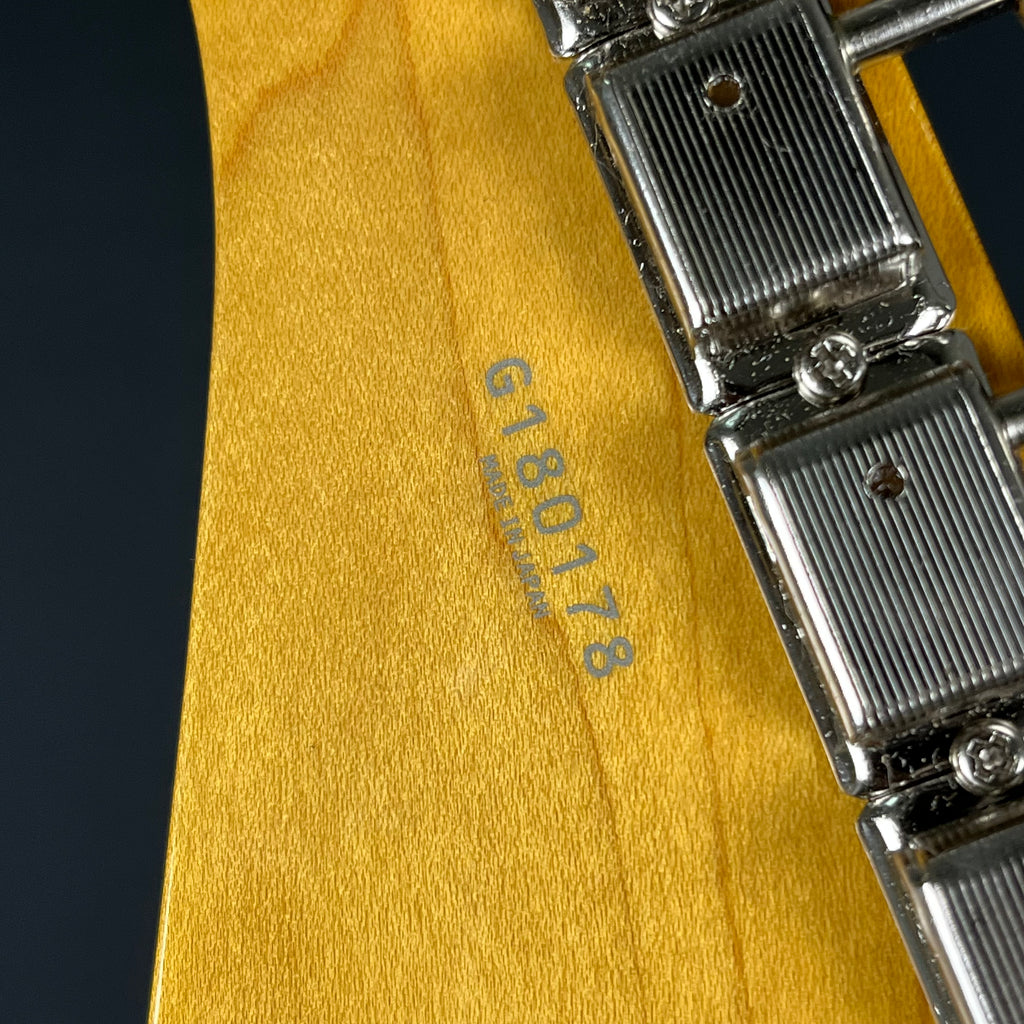 CoolZ Japan ZST-10R Stratocaster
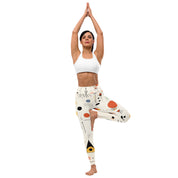 Soft Stretchy - Women's Yoga Legging | StylzHub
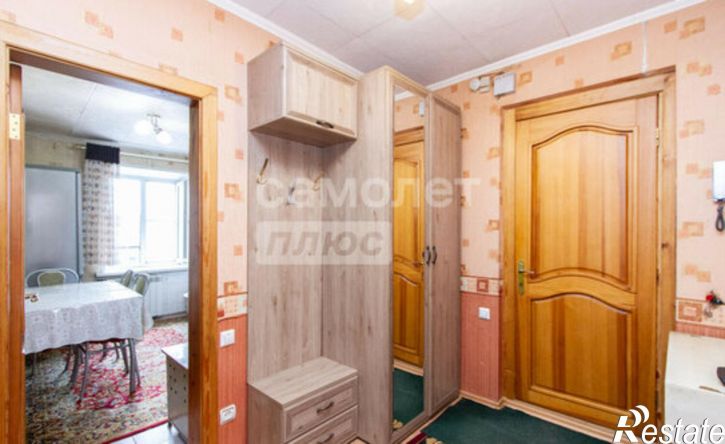 2-комн квартира Профсоюзная улица, 22,  д. 22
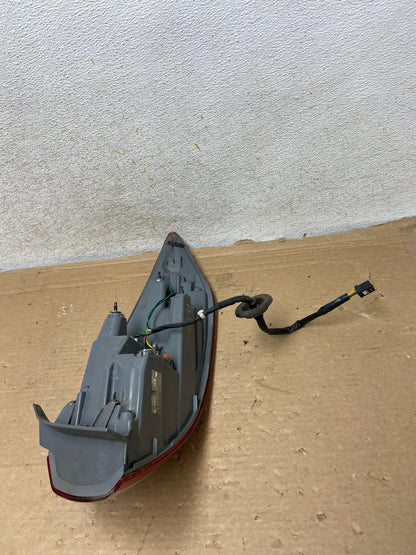 2017 to 2018 Hyundai Elantra Left Driver LH Side Tail Light AH8414 LK7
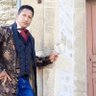 Jean-Luc SHIMON 的头像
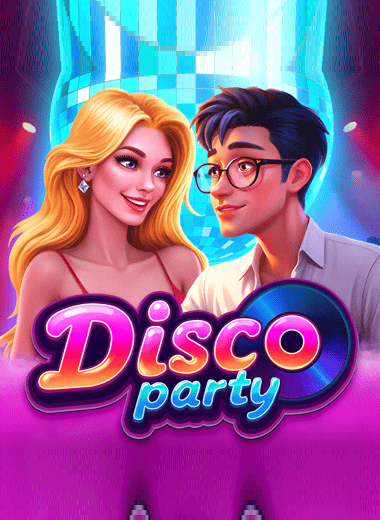 Disco Party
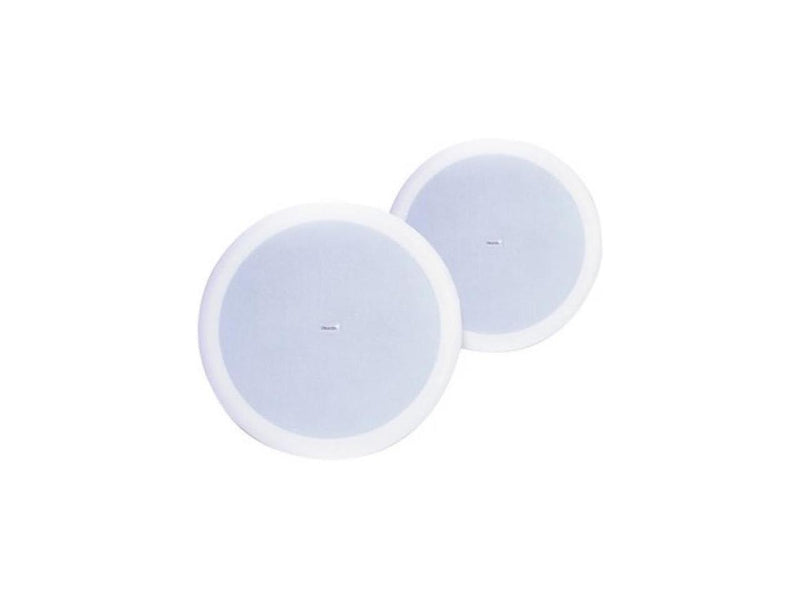 ClearOne - 910-151-001-01 - ClearOne 60 W RMS - 120 W PMPO Speaker - 2-way - 2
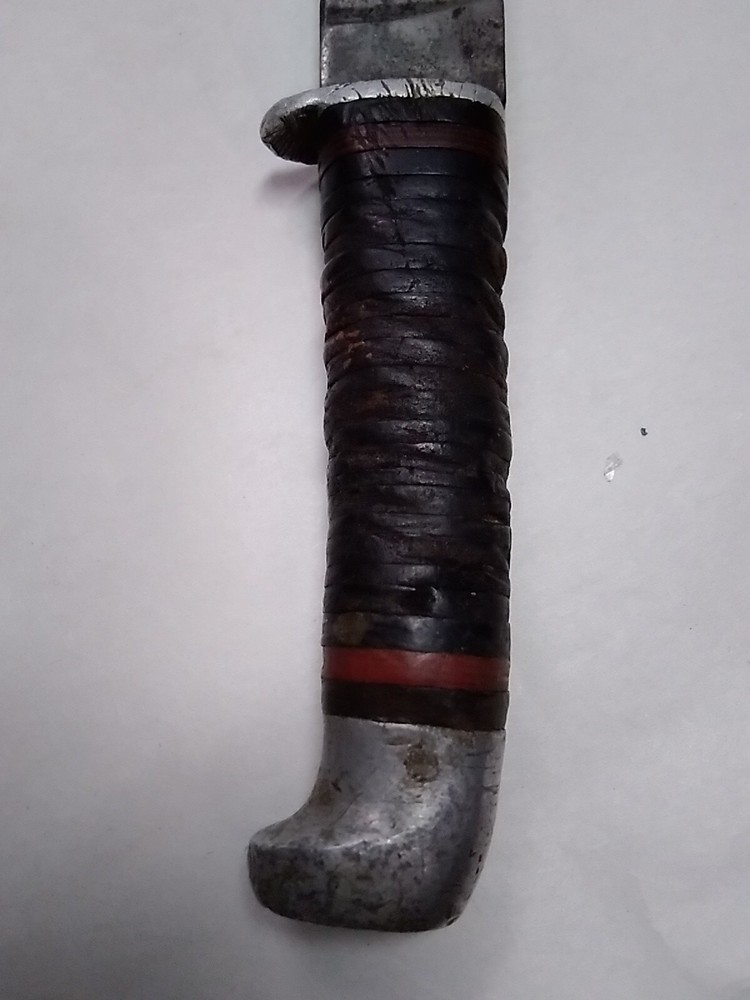 Vintage RH Pal Knife? (t)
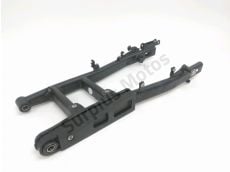 Bras oscillant complet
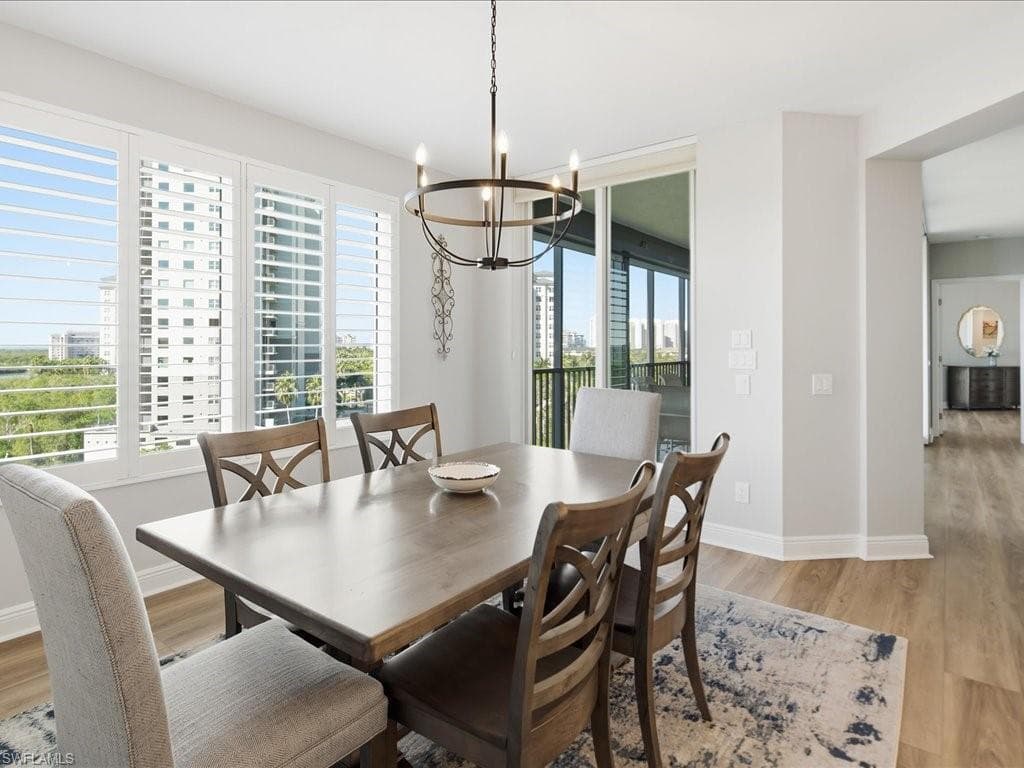 445 Cove Tower Dr #704, Naples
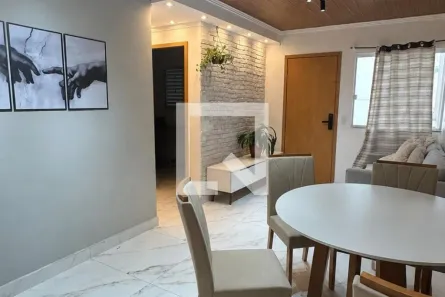Apartamento com 2 Quartos à venda, 45m² no Vila Mazzei, São Paulo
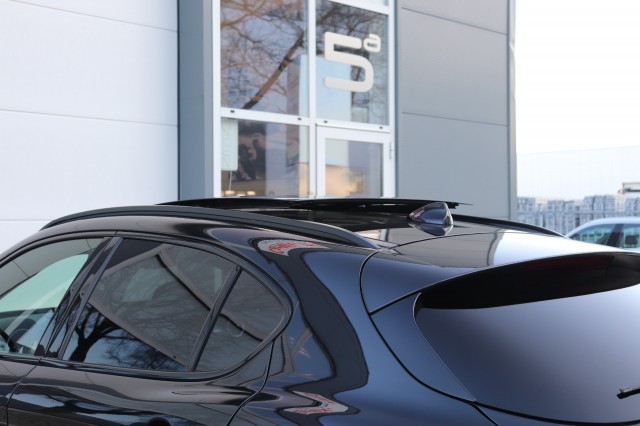 ALFA ROMEO STELVIO 2.0 T AWD SUPER, Carmix, OSS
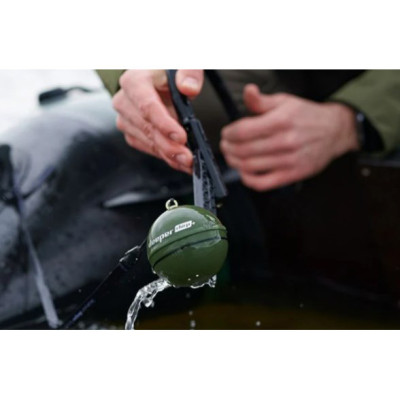 Картплоттер(GPS)-смарт ехолот Deeper Smart Sonar CHIRP+ (ITGAM0279)
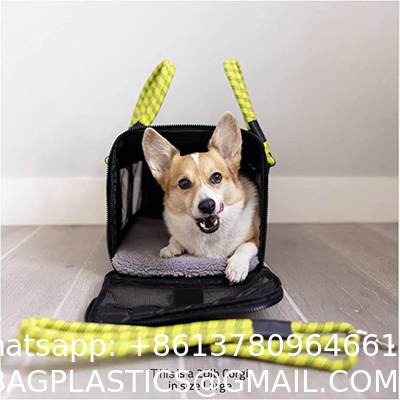 Portable Pet Carrier Tote Portable Sling Bags For Dog Cat Walking Carry Bag Travel Back Carrier Pet Bag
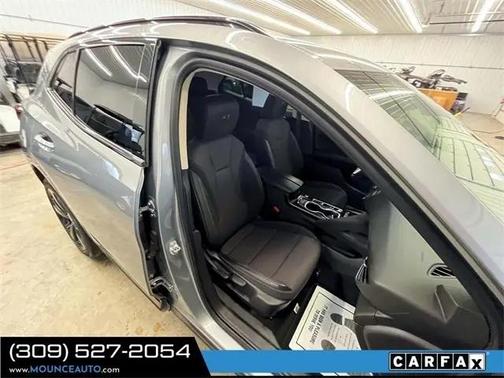 2023 Buick Envision Preferred AWD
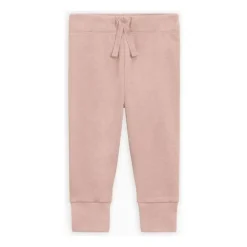 Colored Organics Cruz Joggers- Blush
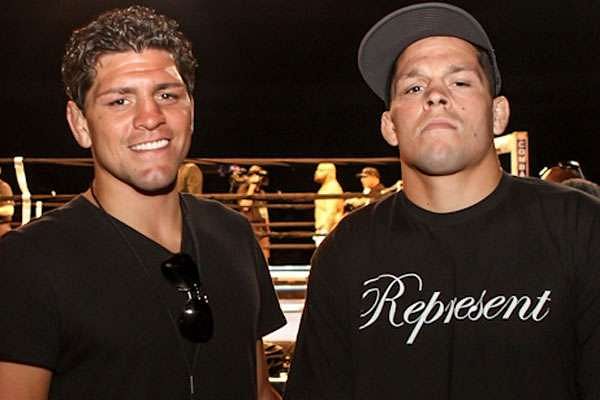 UFC News: Frank Shamrock hosts a show about Marijuana, wants Diaz brothers on as guests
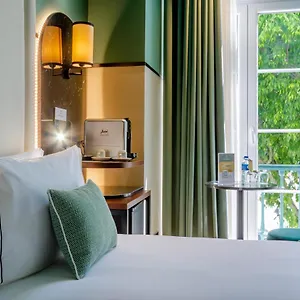 Nicola Rossio Hotel Lisbon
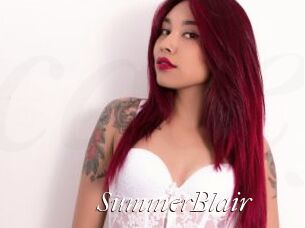 SummerBlair
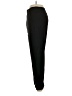 Athleta Solid Black Active Pants Size 2 - photo 5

○ ○ ○ ○

> What is required
Output exactly, and only, the lines running from the line containing "ALFA ROMEO STELVIO" to the last line of the entries above, omitting the pictures.

> Task solution
 ALFA ROMEO STELVIO 2.0 T AWD SUPER, Carmix, OSS
 Картплоттер(GPS)-смарт ехолот Deeper Smart Sonar CHIRP+ (ITGAM0279)
 Portable Pet Carrier Tote Portable Sling Bags For Dog Cat Walking Carry Bag Travel Back Carrier Pet Bag
 2023 Buick Envision Preferred AWD
 Colored Organics Cruz Joggers- Blush
 UFC News: Frank Shamrock hosts a show about Marijuana, wants Diaz brothers on as guests
 Nicola Rossio Hotel Lisbon
 SummerBlair
 Athleta Solid Black Active Pants Size 2 - photo 5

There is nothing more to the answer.